Malcolm yessirs, and Hamlin sends me away, while the others stay. I descend the staircase shame-faced, and as I reach the lower hall, I pass Weatherford, who is pimpernel-red. His eyes fall to the floor as he identifies me, as if he's trying to remember something, and he mutters as I pass, but there are no words there, only the blunt shapes of monosyllabic madness. He smells, smells of both fresh midden and a flowery burst of fine perfume.
Bed, a bustle of rocks in a bag. I wonder whether my nascent studentship of letters under Professor Weatherford is forever spoiled. I don't know, and I can't sleep, so I rise and ascend the stairs to the huge heavy exterior door.

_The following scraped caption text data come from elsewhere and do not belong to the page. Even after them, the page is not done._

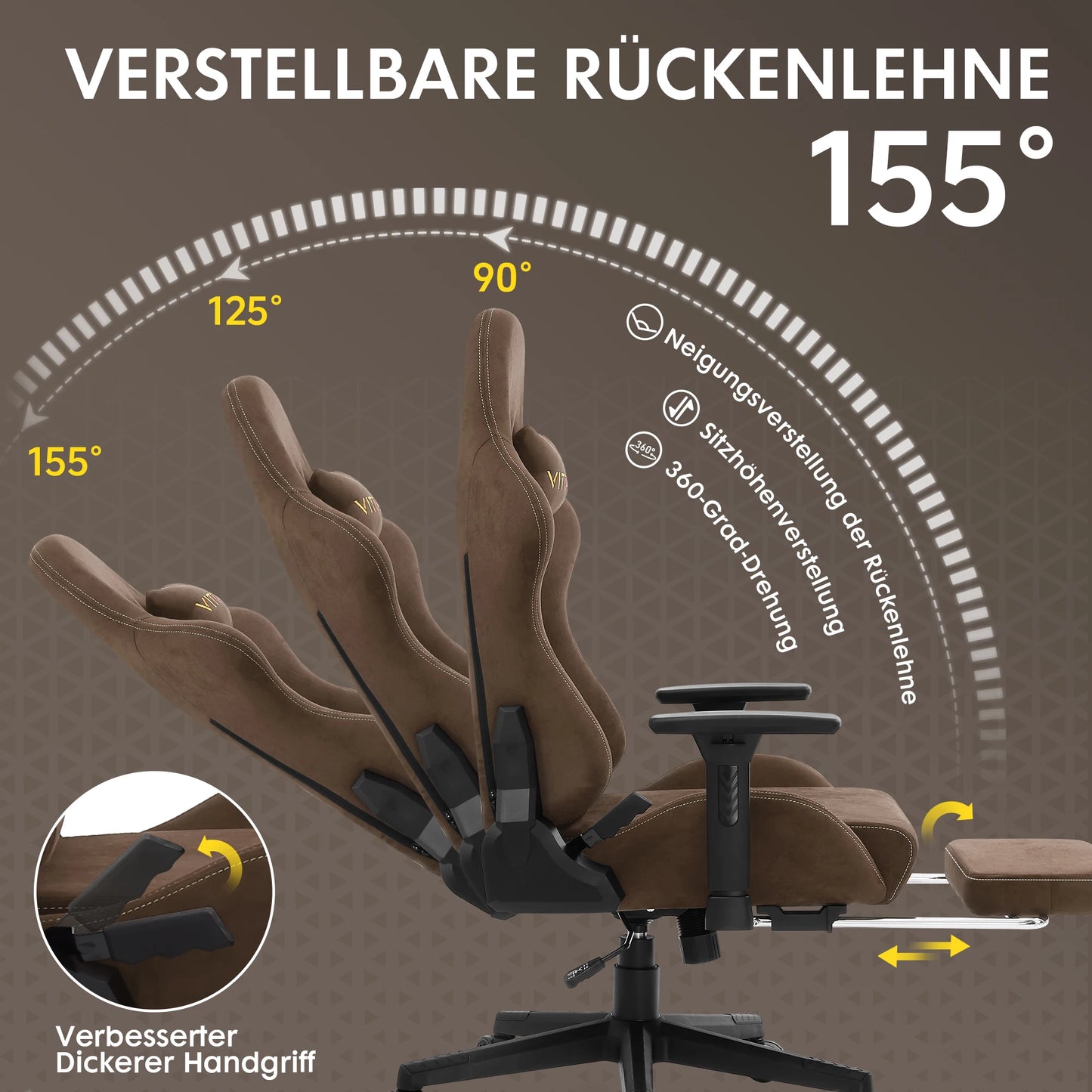 Vittaly – Chaise Gaming Ergonomique
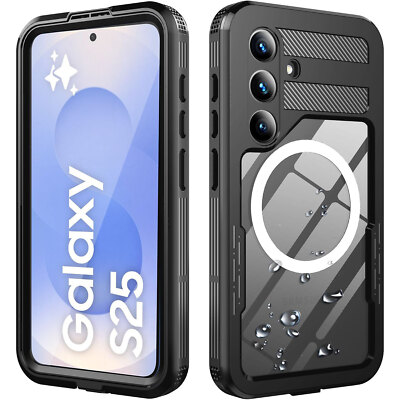 Waterproof Case for Samsung Galaxy S25/S25 Plus Shockproof MagSafe Phone Cover
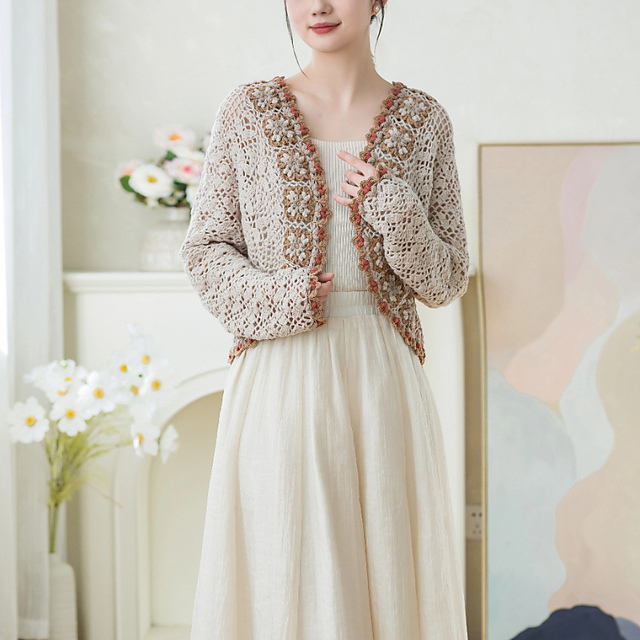 Elegant Crystal Cardigan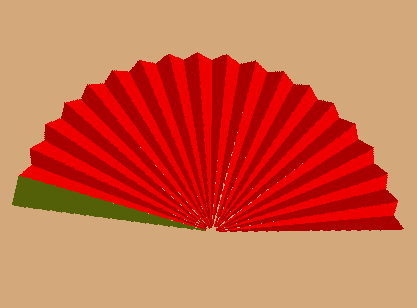 CSS3纸扇动画，自动展开特效实例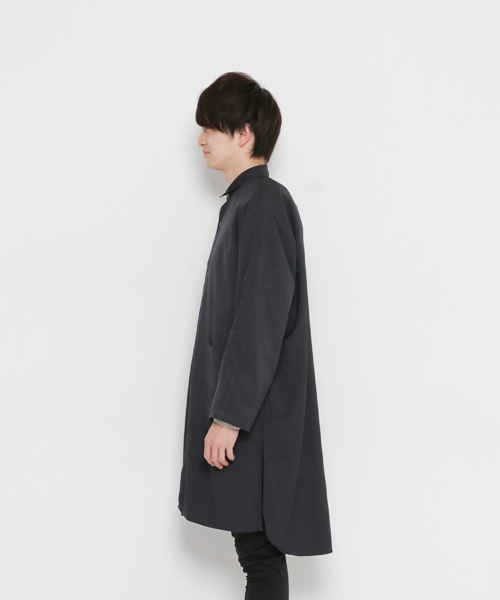 SENSE OF PLACE by URBAN RESEARCH(センスオブプレイスバイアーバンリサーチ)の「ボリュームコート(その他アウター・メンズ・ネイビー/チャコールグレー・FREE)」の19枚目の写真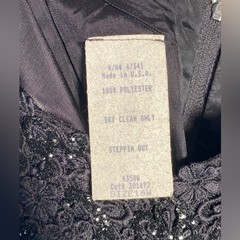 Vintage 80’s Steppin’ Out Black Lace Women’s 16W Whimsigoth Evening Party Dress
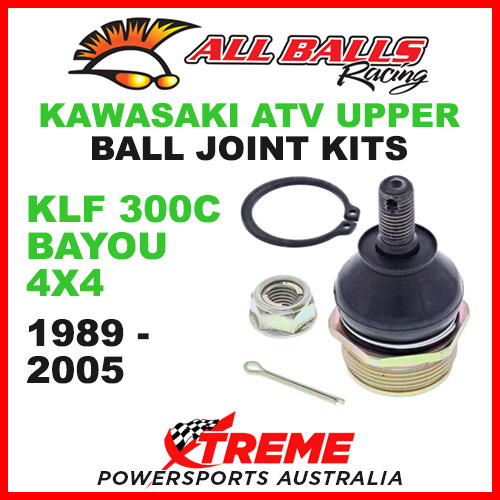 42-1017 Kawasaki KLF 300C Bayou 4x4 1989-2005 ATV Upper Ball Joint Kit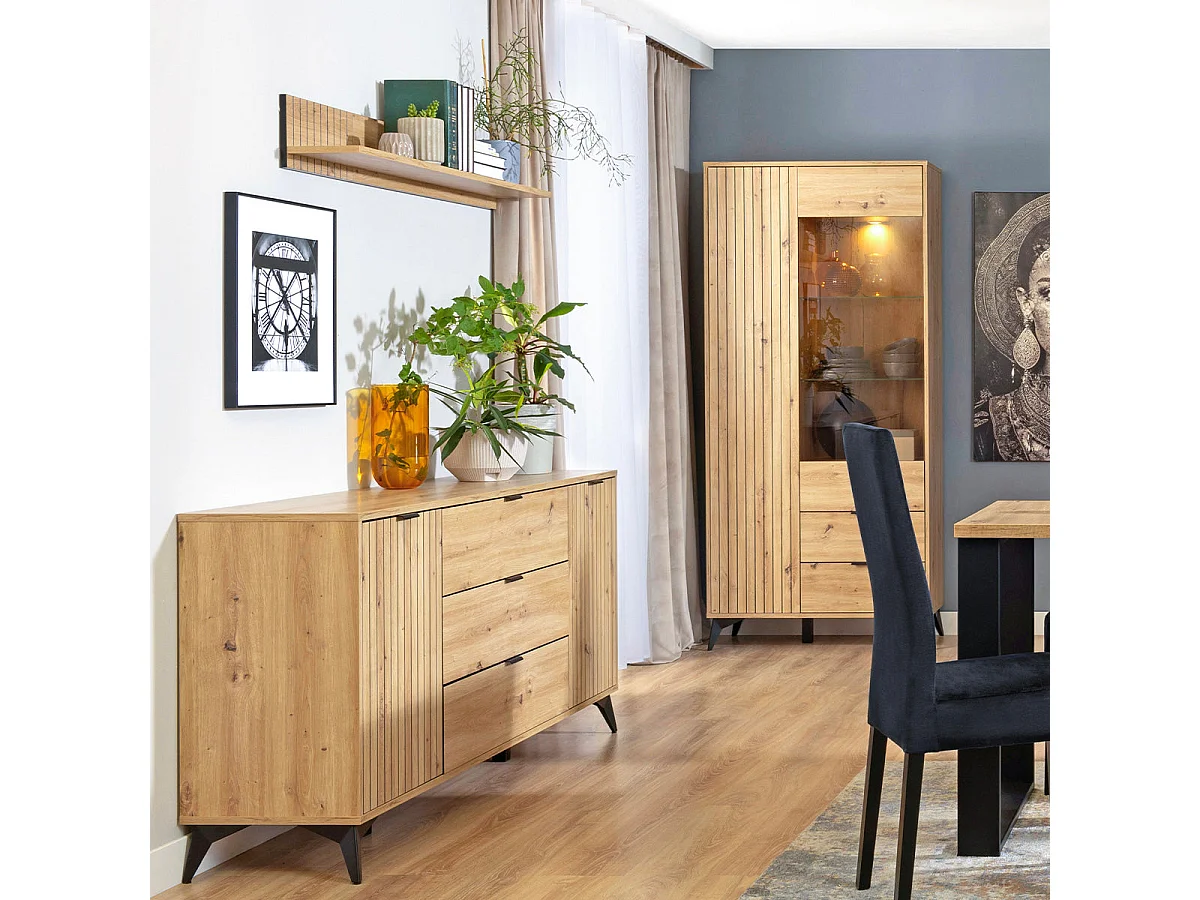 2-door 3-drawer sideboard 150 cm Mao Wood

It won't open. It's locked, and thumps against the iron mechanism. I check but there's no key above the door or in the vicinity, not under the rug, no way out. If there were a fire, I think, we'd be condemned . . . but the building is stone, and won't burn.
Prisoner.
As I return to the lower living area, I feel hungry--when is supper?--but the cafeteria is empty, and Malifice and Wensley are Dag's,
and they're my enemy. They locked me in Perille's room--which, I realize, I never got in trouble for. I take pride in my small thistlebush of lies. I go to use the bathroom, but there's a genuinely awful smell, it's not even close to normal, and I light a candle and leave it burning by the johns and wander back out. I wonder how long Weatherford has us write for. I wonder if my first day at the Fool School will ever end.
I am laying on rocks. Look at me: haggard, sore, cracked palms from juggling those giant rocks, my lips numb from sounding double reeds, something I'm unused to. I lay, fearing tomorrow. Everything is hard here, hard as rocks. It's just . . . just rocks, everywhere.
I hate the Fool School. I desire to leave this place. Will I?
I am a coward. An infinite coward.
The day is over. Malcolm bounces in, his face looking healed, as if Weatherford has rejuvenated him. He tries to talk about class and stuff, but I am barren of words and barren of ears and he gets the hint.
Something happens. My warm Malcolm curls up behind me, which is nice, and another cracked palm begins to circumnavigate. I don't know how I feel; I feel exhausted, and am ready to beg Malcolm to let me sleep. But I begin to feel different, I begin to feel joy which I have never looked for before. His hands guide me and change the way I feel about everything. I suddenly understand what Malcolm must have felt this morning, when I attended him in . . . the way that I attended him. Malcolm explores, and I change.
It's too intense. I must make him stop. I grab his hand, feeling flushed, and force him back.
"What did you feel?" his voice says in the darkness.
"I felt something godly at the start," I say, "but it became Luciferean at the end. It was too big a feeling."
"Aye," whispers Malcolm, settling himself in his own bed, "a beg feeling."
Green light wakes us. It's enough sleep to survive on, but I'm not well-rested. I feel sore all over, but at least there will be no fist-fight today, God help us. I stumble to the bathroom, where the candle left a puddle of white wax on the john, dripping down to the pipe midden, but it smells okay now.